PROBLEM DETAILS. Copy all the records exactly, but keep the pictures out of your version.

TASK INPUTS.
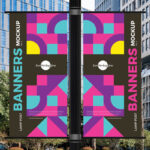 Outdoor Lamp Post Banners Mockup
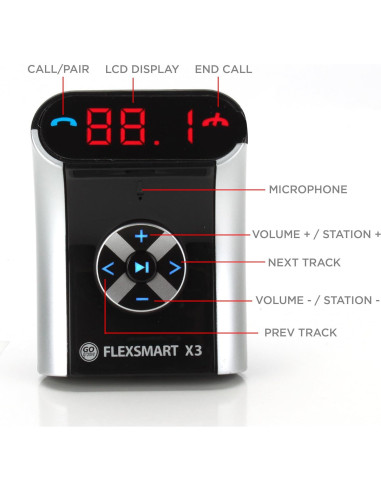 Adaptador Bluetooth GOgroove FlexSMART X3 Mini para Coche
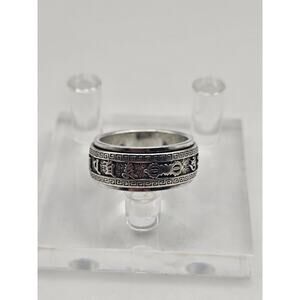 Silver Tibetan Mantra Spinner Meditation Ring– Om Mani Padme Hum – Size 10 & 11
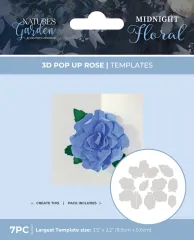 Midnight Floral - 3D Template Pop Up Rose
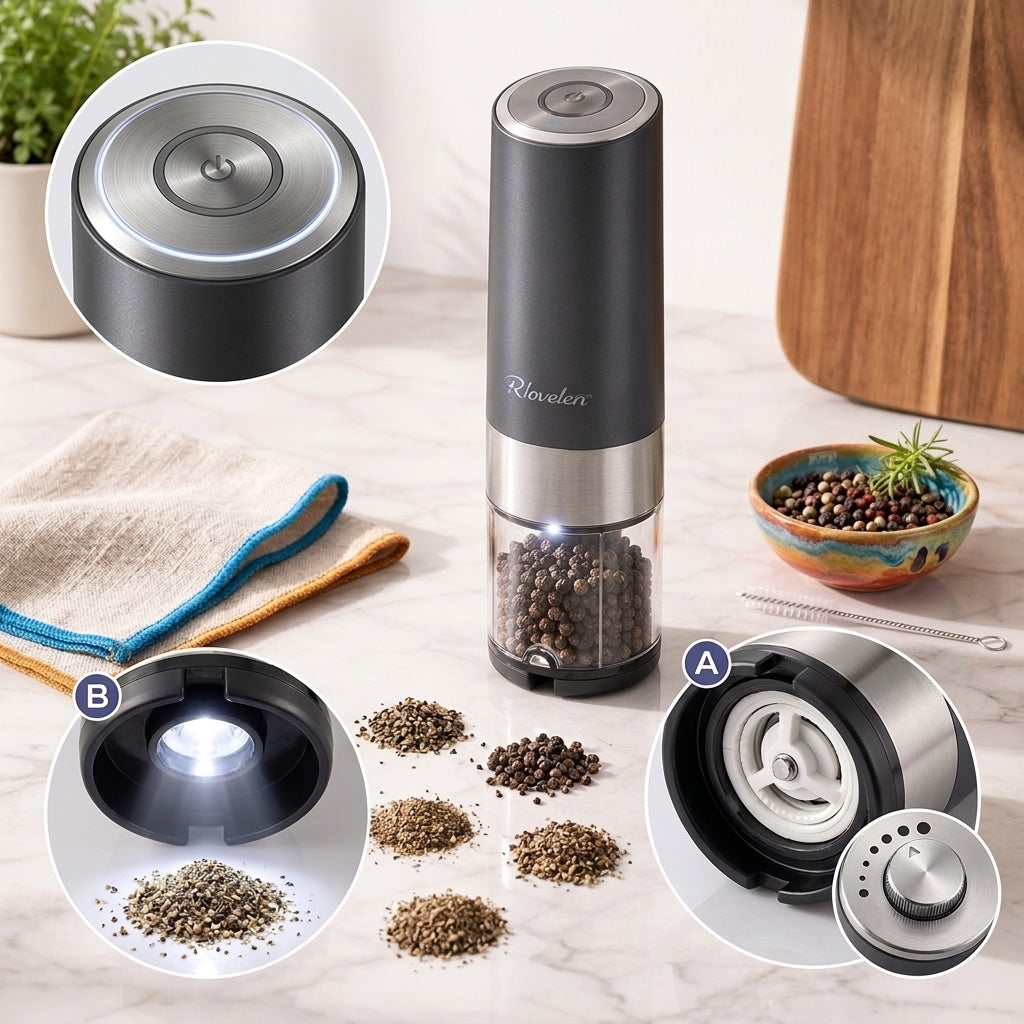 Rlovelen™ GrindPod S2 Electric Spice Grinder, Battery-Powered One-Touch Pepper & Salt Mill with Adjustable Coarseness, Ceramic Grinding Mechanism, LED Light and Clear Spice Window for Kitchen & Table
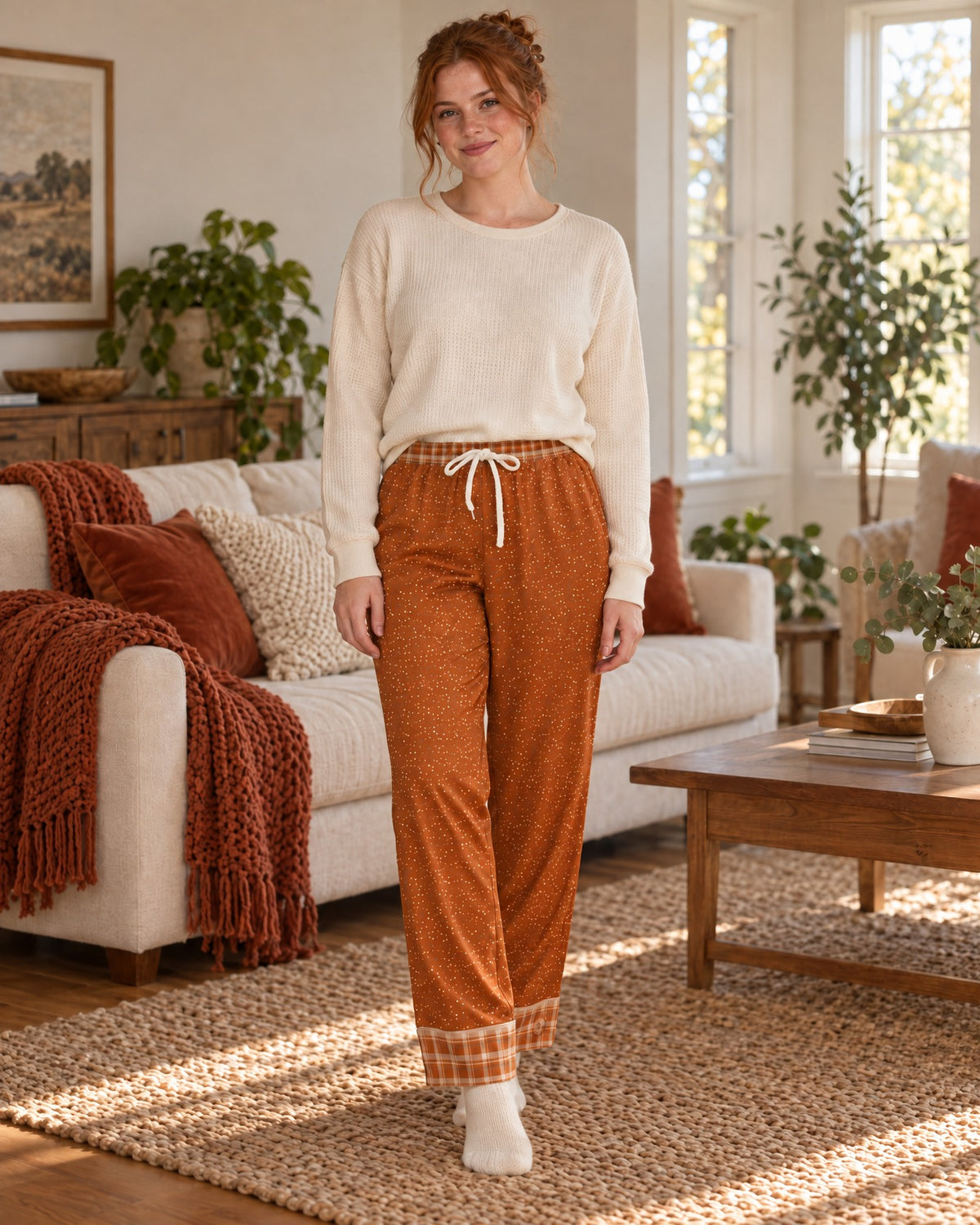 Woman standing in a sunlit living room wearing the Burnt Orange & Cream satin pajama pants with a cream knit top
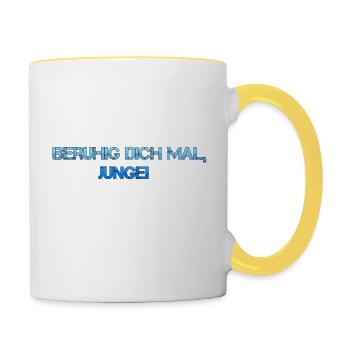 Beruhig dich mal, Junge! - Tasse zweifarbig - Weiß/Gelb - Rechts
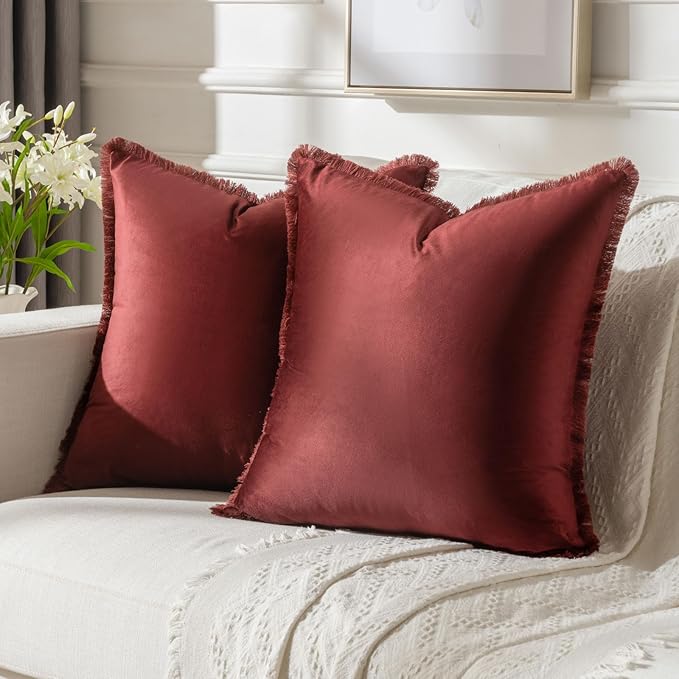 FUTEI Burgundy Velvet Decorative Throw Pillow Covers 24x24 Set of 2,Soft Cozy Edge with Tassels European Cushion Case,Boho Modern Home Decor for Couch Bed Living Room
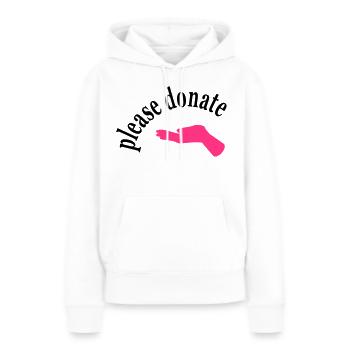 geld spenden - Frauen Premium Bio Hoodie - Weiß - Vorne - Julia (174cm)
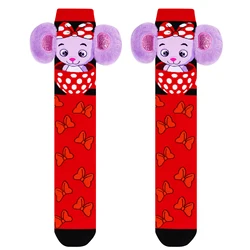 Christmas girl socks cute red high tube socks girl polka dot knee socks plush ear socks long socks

RESPONSE AREA.
 Outdoor Lamp Post Banners Mockup
 Adaptador Bluetooth GOgroove FlexSMART X3 Mini para Coche
 Silver Tibetan Mantra Spinner Meditation Ring– Om Mani Padme Hum – Size 10 & 11
 Midnight Floral - 3D Template Pop Up Rose
 Rlovelen™ GrindPod S2 Electric Spice Grinder, Battery-Powered One-Touch Pepper & Salt Mill with Adjustable Coarseness, Ceramic Grinding Mechanism, LED Light and Clear Spice Window for Kitchen & Table
 Woman standing in a sunlit living room wearing the Burnt Orange & Cream satin pajama pants with a cream knit top
 Beruhig dich mal, Junge! - Tasse zweifarbig - Weiß/Gelb - Rechts
 FUTEI Burgundy Velvet Decorative Throw Pillow Covers 24x24 Set of 2,Soft Cozy Edge with Tassels European Cushion Case,Boho Modern Home Decor for Couch Bed Living Room
 geld spenden - Frauen Premium Bio Hoodie - Weiß - Vorne - Julia (174cm)
 Christmas girl socks cute red high tube socks girl polka dot knee socks plush ear socks long socks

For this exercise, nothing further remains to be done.